*Problem to work on*
Every record must appear in your copy exactly as written, with no pictures.

↓

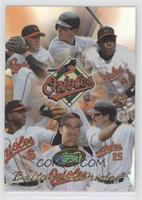 Baltimore Orioles Team #/2,750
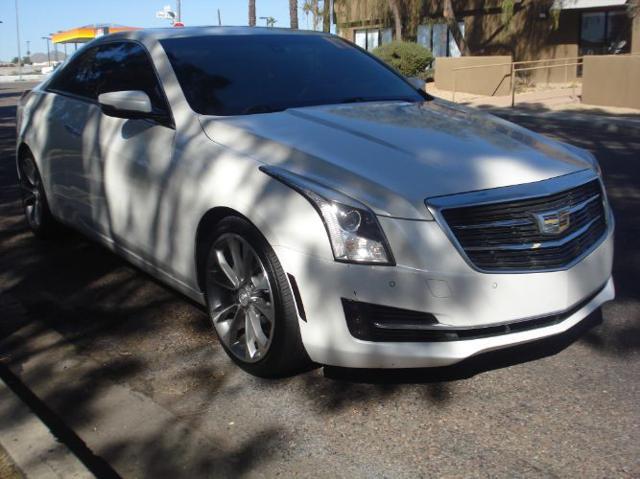 used 2017 Cadillac ATS car, priced at $13,995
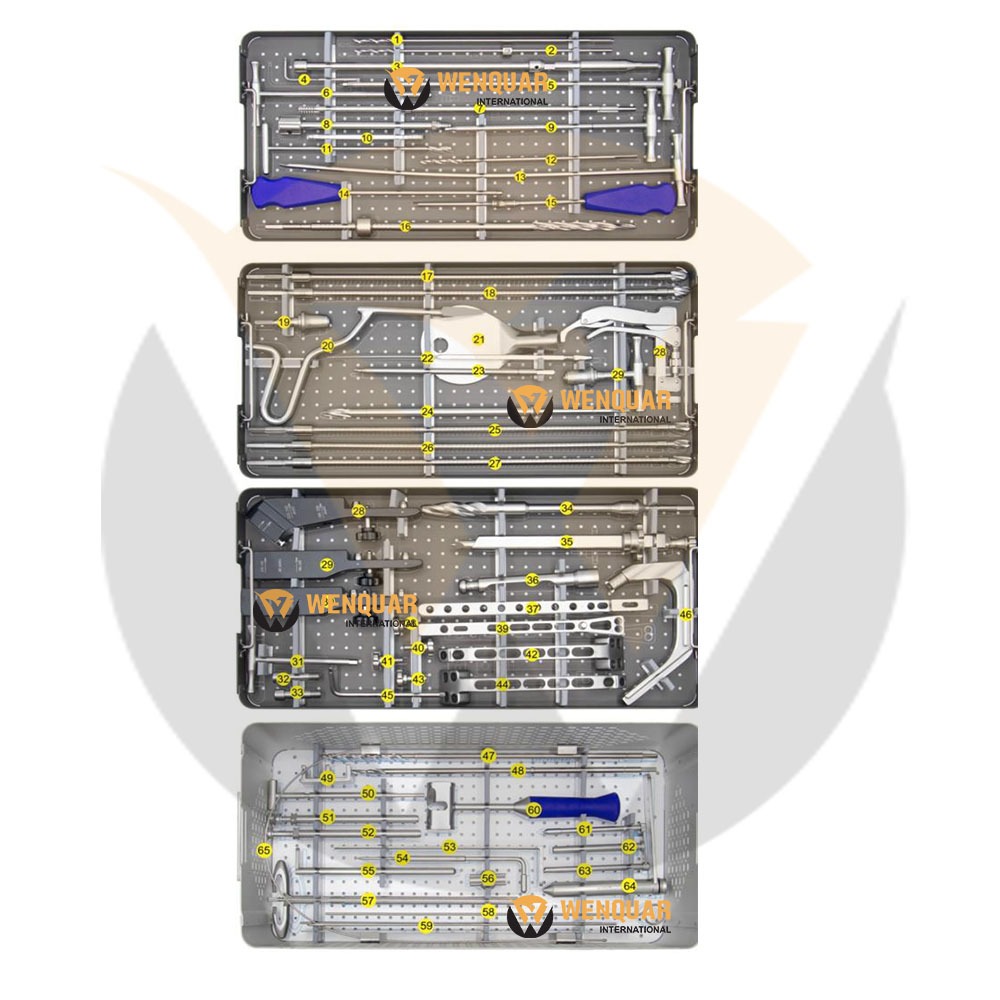 Intertan Intramedullary Nail Instrument Set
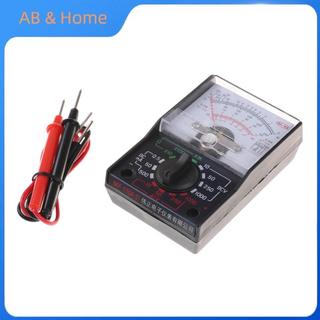 ABQ DC / AC 1000V Vôn kế 250mA Ampe kế 1K Đồng hồ đo điện trở Analog Đồng hồ vạn năng VN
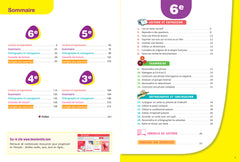 Bescherelle collège - Mon maxi cahier de français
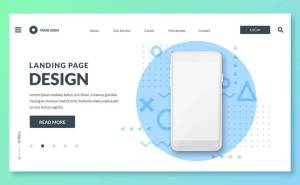 High-Converting Landing Page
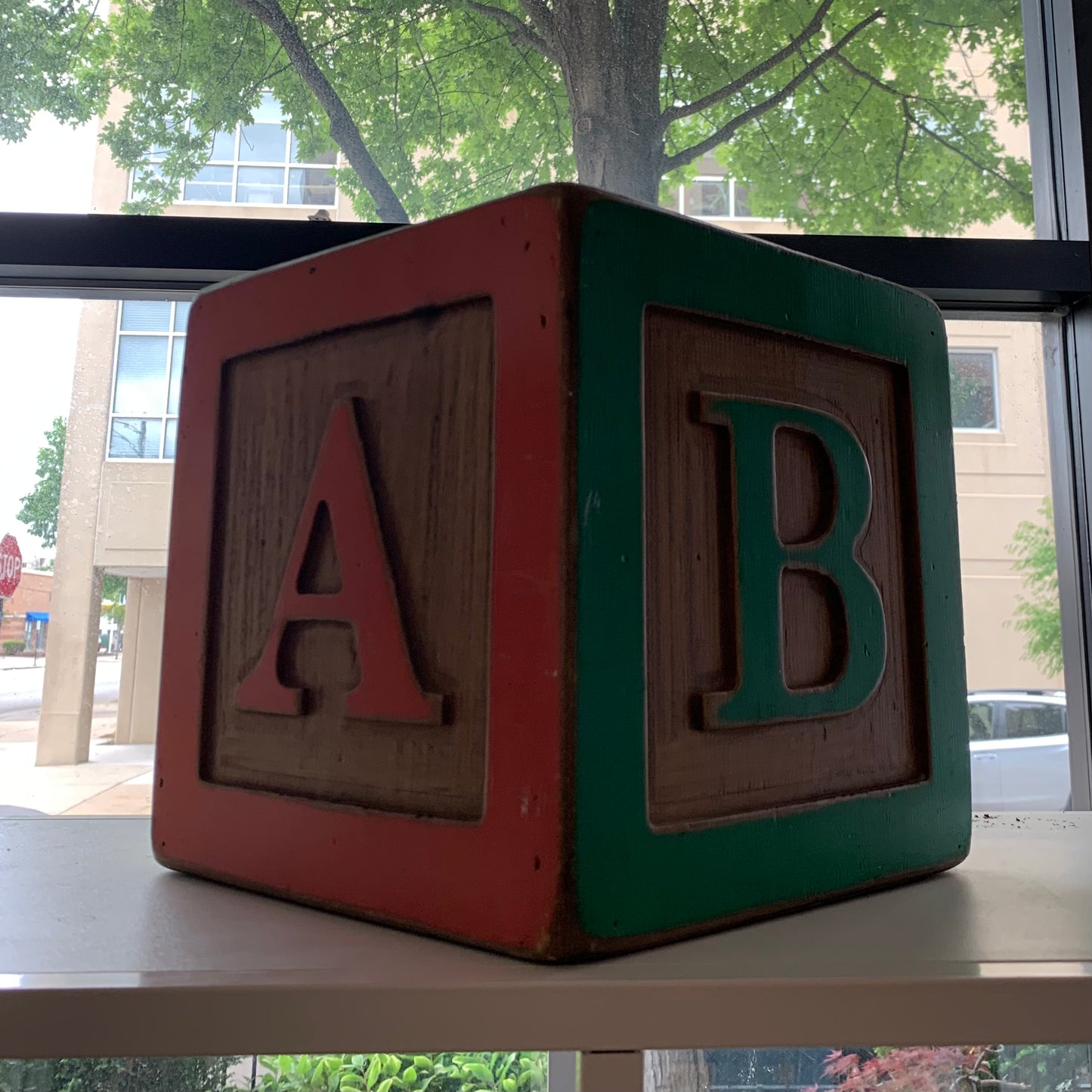 Large Alphabet Block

↑

*Task response*
 Baltimore Orioles Team #/2,750
 used 2017 Cadillac ATS car, priced at $13,995
 Intertan Intramedullary Nail Instrument Set
 ABQ DC / AC 1000V Vôn kế 250mA Ampe kế 1K Đồng hồ đo điện trở Analog Đồng hồ vạn năng VN
 Bescherelle collège - Mon maxi cahier de français
 High-Converting Landing Page
 Large Alphabet Block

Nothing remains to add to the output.